Un écueil évité par le Bimby, estime Thomas Hanss. Sa start-up Villes Vivantes, seule sur le créneau, est celle qui a mené l’expérience dans le Pays de Vitré. D’autres programmes sont en cours à Morlaix et Châteaubourg. « C’est une densification douce, qui respecte le tissu urbain. Cela permet l’acceptation par les riverains. » Autre avantage : construire un logement adapté aux vieux jours et éviter la maison de retraite. Ou s’assurer une rentrée financière pour payer les études des enfants.

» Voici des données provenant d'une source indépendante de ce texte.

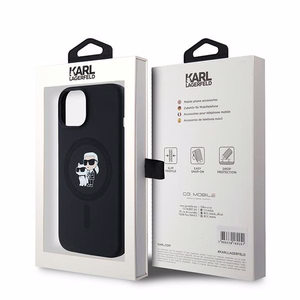 Karl Lagerfeld Silikoninen Karl&Choupette MagSafe Suojakuori iPhone 15 Plus / 14 Plus:lle - musta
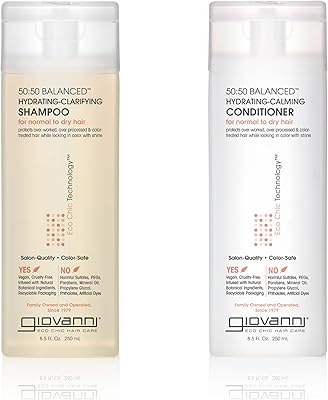 Shampoo and Post -Shampoo balanced Giovanni 50:50 - Hydrates, purifies and soothes to clean and revitalize, for too treated hair, quality living room, without parabens, not tested on animals, without danger for color - 8.5 oz.. Your one-click solution to affordable shopping, DIAYTAR NIGERIA delivers quality products nationwide.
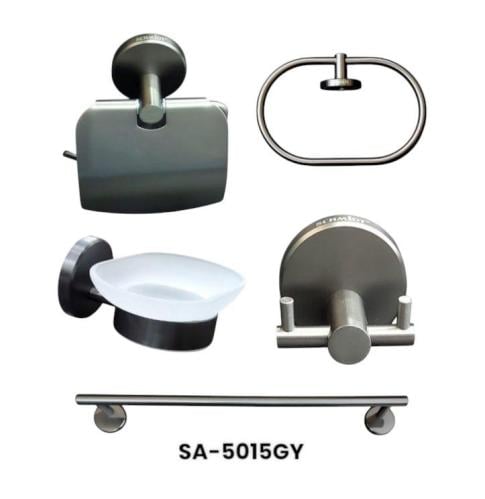 طقم اكسسورات حمام لون تيتانيوم مطفي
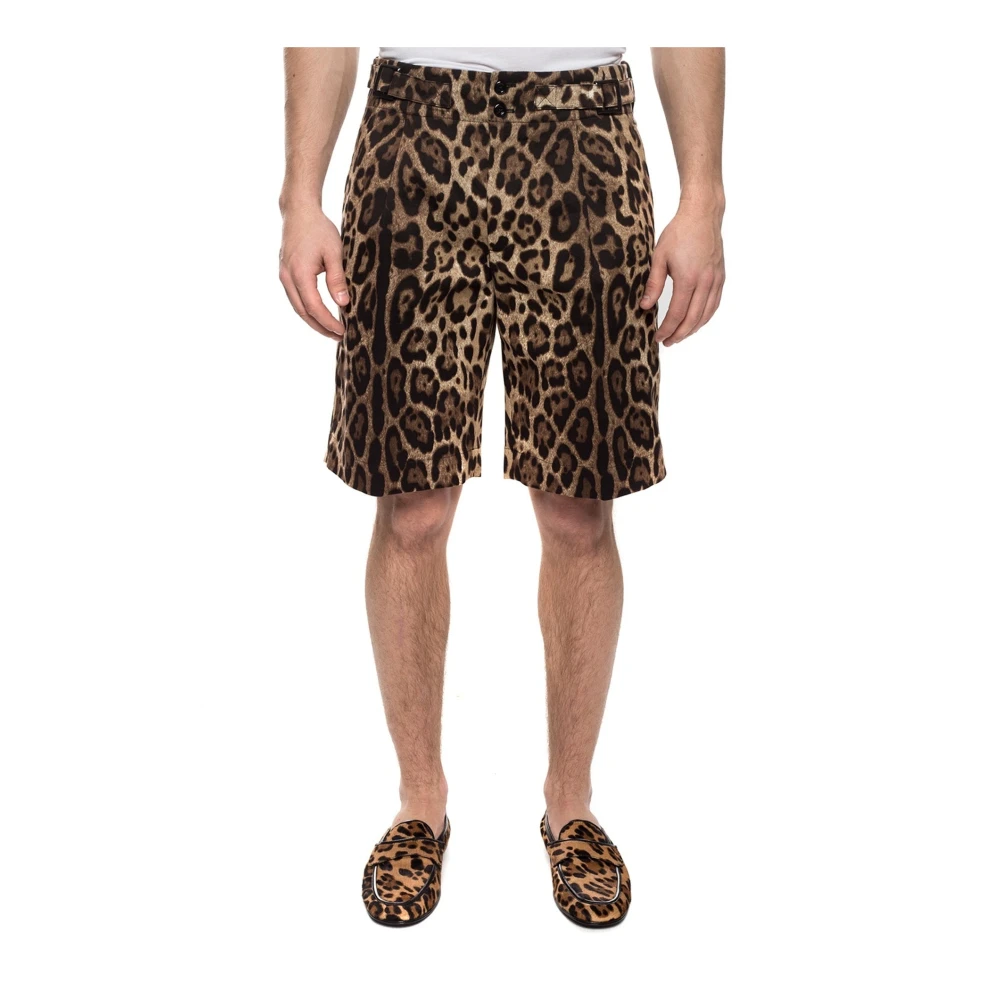 Dolce & Gabbana Katoenen Shorts met Luipaardprint Brown Heren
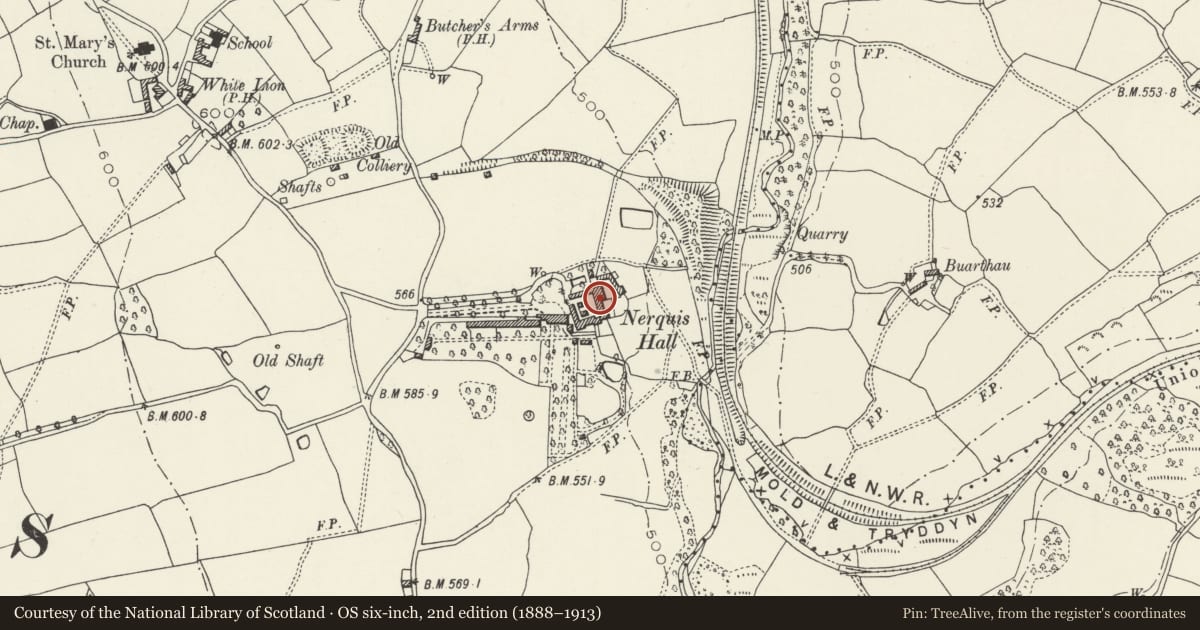 Ordnance Survey six-inch map, 2nd edition (1888–1913) covering the location of Barn at Nequis Hall Estate, Nercwys, Flintshire, with a pin at the register's coordinates
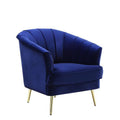 Blue Velvet Gold Striped Barrel Chair W684832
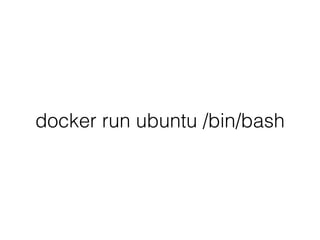 docker run ubuntu /bin/bash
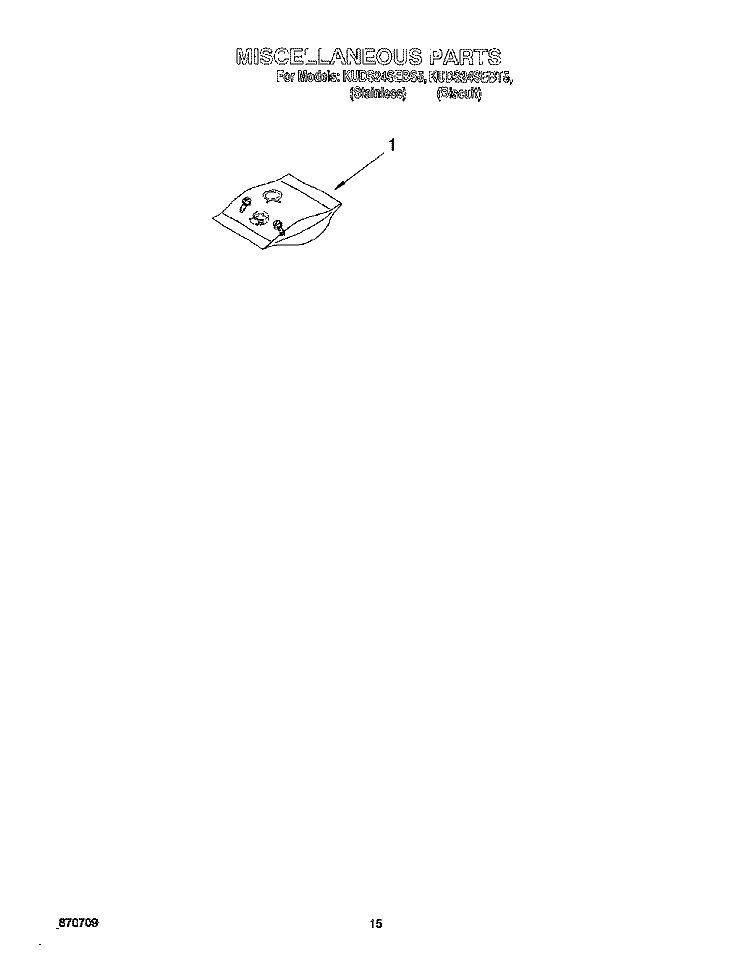 MISCELLANEOUS, LIT/OPTIONAL Diagram and Parts List for KUDS24SEBT5  KitchenAid Dishwasher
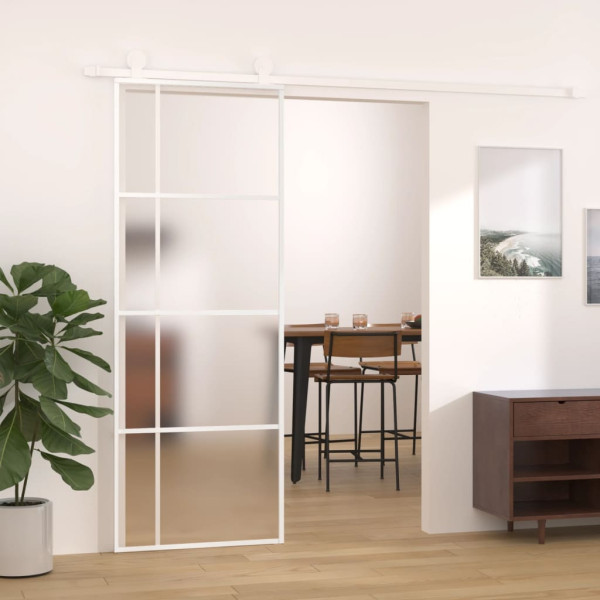 Puerta corredera ESG vidrio y aluminio blanca 76x205 cm D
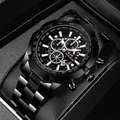 Men's fashion steel sport watch with luminous triple-dial chronograph and date display - Silver Face Black Chain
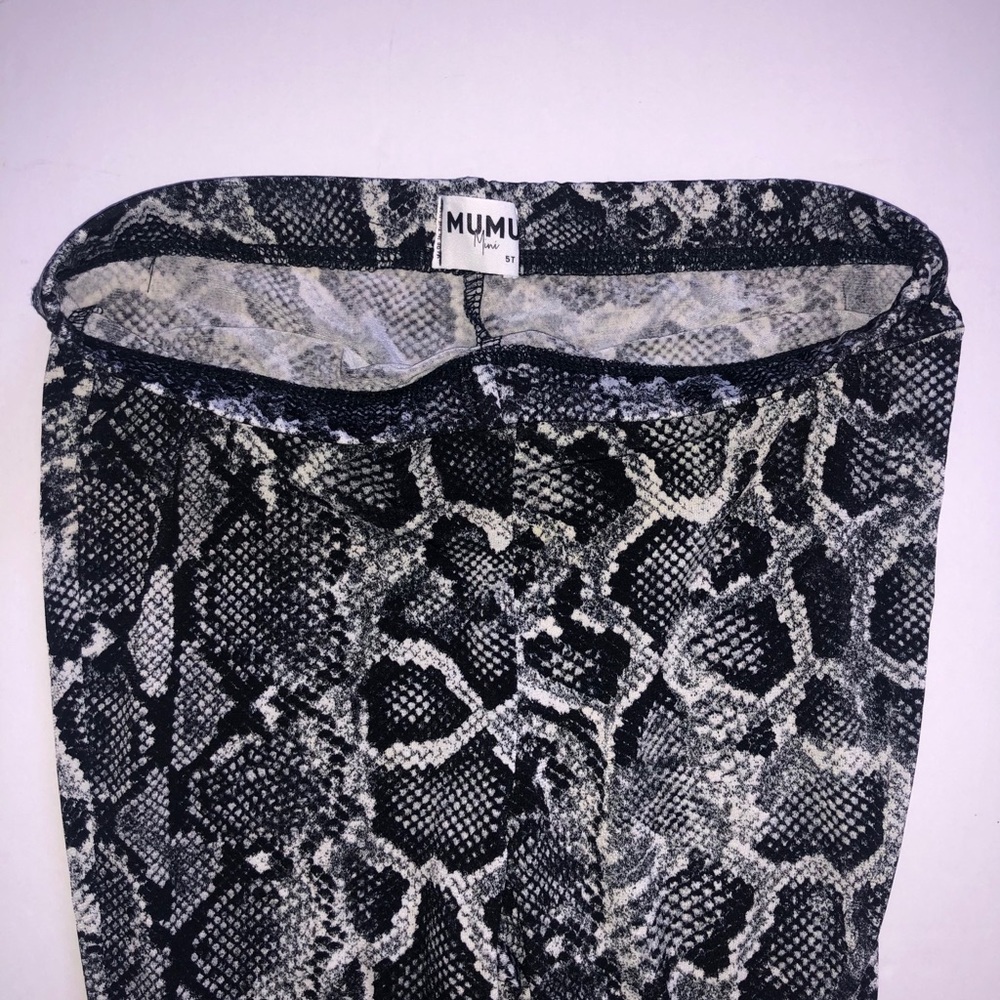 MUMU Mini Snakeskin Bell bottom Pants - Picture 4 of 4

À Vitré, 72 projets ont abouti en 21 mois. « Et on n’a fait qu’effleurer le potentiel », selon Thomas Hanss. En France, on estime que diviser 10 % des jardins permettrait de répondre à la totalité des besoins de logements de la décennie. En Bretagne, très adepte des lotissements, les plus anciennes parcelles peuvent souvent accueillir une ou deux maisons supplémentaires. Encore faut-il lever les réticences des voisins ou des héritiers, adapter les règles d’urbanisme… « Ce n’est pas facile », reconnaît Thomas Hanss.

Le Bimby est tout de même identifié comme une solution par la Région Bretagne, chargée de mettre en place le Zan. « Mais il faut faire attention, car cela peut conduire à nous priver de terrains qui pourraient accueillir des projets plus ambitieux que quelques maisons », note Laurence Fortin, vice-présidente à l’habitat. Reste une question : construire dans les jardins, n’est-ce pas une autre forme de bétonisation des sols ? La loi les considère aujourd’hui comme des surfaces artificialisées. Mais les règles pourraient évoluer après 2030.